Salah satu keluarga korban, Priyo menjelaskan, dari enam korban, dua dari mereka telah diperkosa oleh para pelaku. Sisanya, mengalami pelecehan seksual. Dugaan pelecehan dan pemerkosaan seksual ini terjadi sekitar Oktober 2021 hingga Mei 2022. Kejadian ini terungkap setelah para korban menunjukkan perilaku aneh. Sebagian besar, tidak ingin ditemukan oleh orang tua dan jarang makan.

"Jadi, pada awalnya, orang tua curiga terhadap perilaku para korban. Setelah dilacak, korban kemudian memberi tahu saya bahwa dia telah diolah di sekolah asrama Islam," kata Priyo.

Priyo berharap bahwa akan ada penegakan hukum terhadap tindakan bejat pemilik dan pengasuh sekolah asrama Islam. Karena ada tuduhan korban lainnya. "Dia adalah mantan anggota Banyuwangi DPRD dan mantan anggota DPRD Provinsi Java Timur. Saya berharap polisi bisa adil dalam kasus ini," kata Priyo.

Adapun mode, pelaku melakukan pemerkosaan dan pelecehan seksual dengan memanggil para korban satu per satu. Mereka kemudian ditanya apakah mereka masih perawan atau tidak.

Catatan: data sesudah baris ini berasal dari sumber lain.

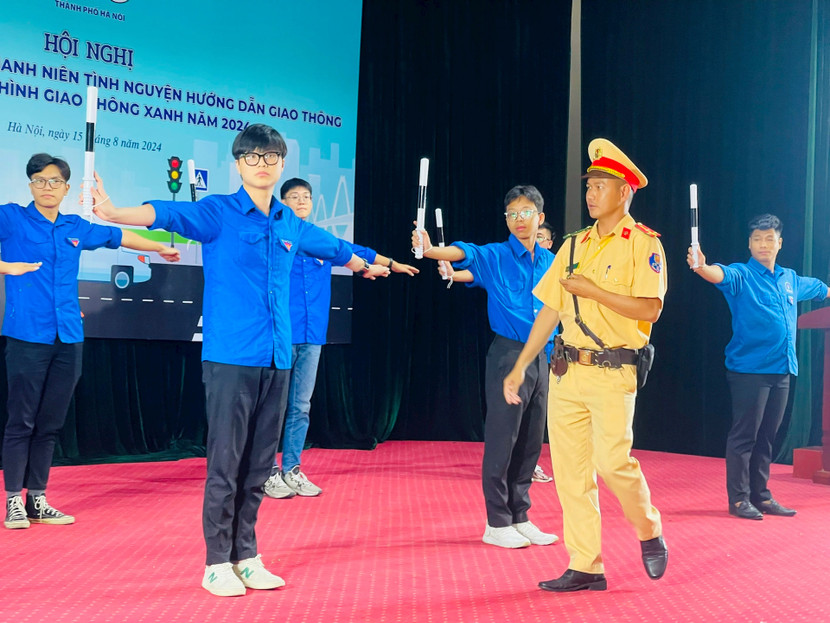 Tập huấn hướng dẫn giao thông cho tình nguyện viên tại Hà Nội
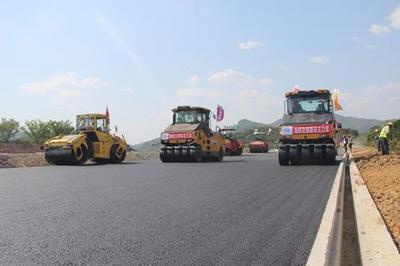 亞運(yùn)會重要配套工程--杭州繞城西復(fù)線杭紹段啟動大面積瀝青施工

Untuk memastikan, lanjutan Priyo, yang dilaporkan kemudian diperiksa langsung ke bagian vital para korban. Tidak hanya itu, para pelaku juga menyediakan makanan dan minuman yang dianggap mengandung obat penenang menjadi tidak berdaya saat meluncurkan aksi.

"Ketika ditanya oleh perawan atau tidak secara otomatis mereka mengklaim sebagai perawan. Tetapi mereka ditolak (para pelaku) semuanya," kata Priyo.

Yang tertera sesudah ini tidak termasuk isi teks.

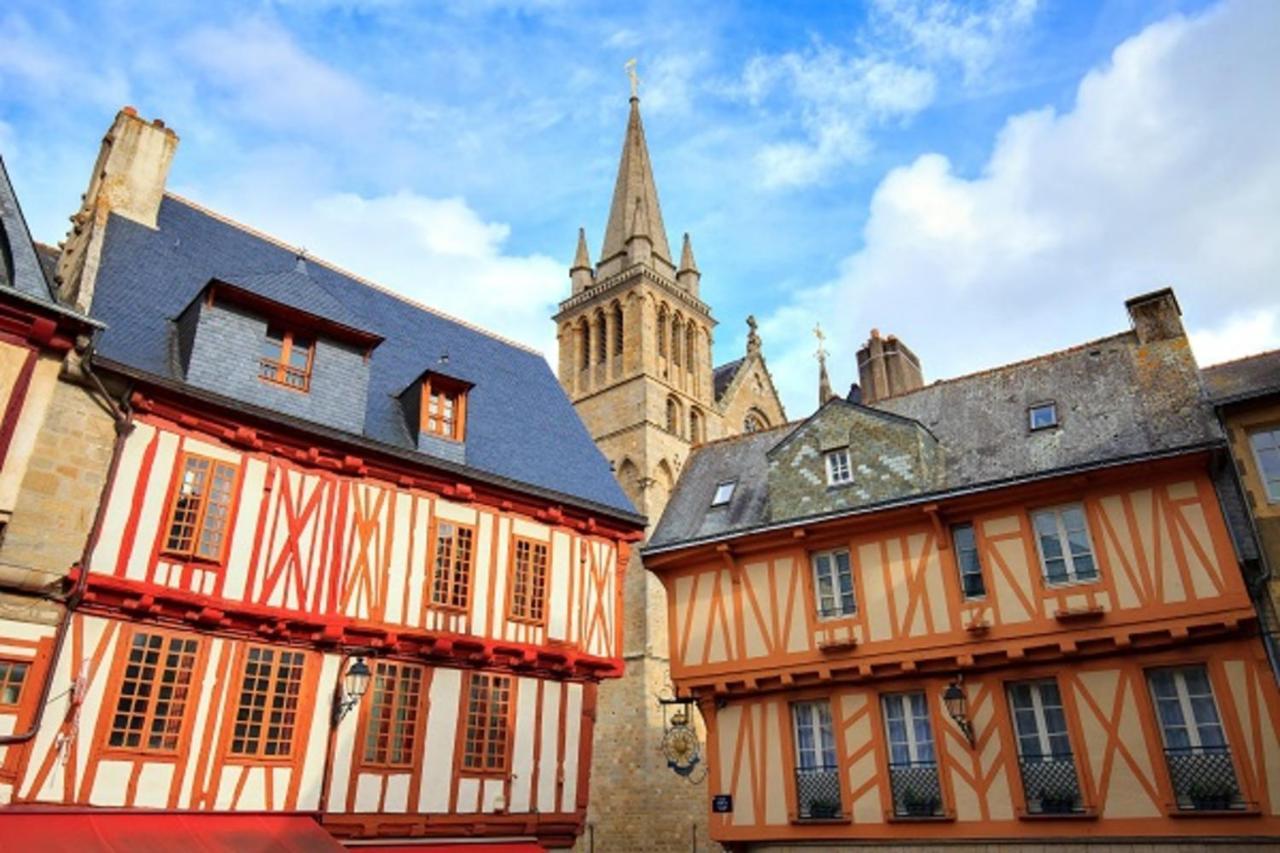 Appartamento Studio Tout Confort Avec Vue Cathedrale A St Patern Vannes-Centre Esterno foto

Menurut Priyo, selain pindah, para pelaku juga diketahui memperkosa dua muridnya yang masih di bawah umur. Kali ini para pelaku berpendapat bahwa mereka telah menikah dalam satu seri.

"Jadi segera mendamaikan doa dan kemudian mengatakan bahwa sah untuk melakukan tindakan bejat. Menikah tanpa wali seperti itu. Pengakuan keduanya telah 3 kali hubungan intim (pemerkosaan) terjadi," Priyo menjelaskan.

Kepala Unit Investigasi Kriminal dari Komisaris Polisi Banyuwangi Agus Sobarna Praja mengatakan bahwa partainya sekarang telah mengajukan kasus pelaporan dugaan pelecehan seksual dan hubungan anak di bawah umur ke tingkat penyelidikan.

"Memang, sejak minggu lalu kami menerima laporan tentang hubungan anak di bawah umur dan pelecehan seksual. Kami telah meningkat menjadi penyelidikan," katanya kepada Detikjatim.

Polisi berencana untuk menelepon FZ Senin depan. Panggilan ini pada saat yang sama merupakan pemeriksaan terkait dengan laporan tentang tindakan pelecehan seksual dan pemerkosaan. "Senin depan kami memeriksa. Mengenai laporan para korban," pungkasnya.

Gadis tunarungu 14 -tahun diperkirakan menjadi korban hubungan seksual. Kasus ini saat ini sedang ditangani oleh Unit Perlindungan Wanita dan Anak (PPA) Satreskrim Polrestabes Surabaya.

"Benar, itu telah ditangani oleh unit PPA dan Kanit telah berkomunikasi dengan keluarga," kata Kasat Reskrim Surabaya Police AKBP Mirzal Maulana ke Detikjatim, Kamis (6/23/2022).

Mirzal menambahkan bahwa partainya saat ini sedang mengeksplorasi kasus ini. Selain itu, partainya akan memberikan bantuan dan pendekatan khusus untuk para korban yang saat ini mengalami trauma.

"Ini akan membuat pendalaman intensif. Karena orang yang bersangkutan (korban) adalah kecacatan. Perlu menyesuaikan dan mencocokkan informasi yang diberikan. Ini akan melibatkan BAPA, akan melibatkan psikiater, psikolog untuk melihat trauma bagi para korban," kata Mirzal .

Sementara itu, perlindungan perempuan dan anak -anak (PPA) dari Polisi Polisi Polisi Investigasi Polisi AKP Wardi mengatakan bahwa jika dia sedang memeriksa saksi dan mengumpulkan bukti.

"Kami baru saja memeriksa saksi, mengumpulkan bukti, Ver. Ini adalah proses yang cepat," kata Wardi.

Selain itu, Wardi mengatakan bahwa hari ini partainya juga mempertanyakan keluarga korban dan memberikan konseling di unit PPA.

"Saat ini konseling, dan ditanyai. Memang tahapan konseling, mempertanyakan informasi memang merupakan tahapan kasus -kasus tidak bermoral di sini," kata Wardi.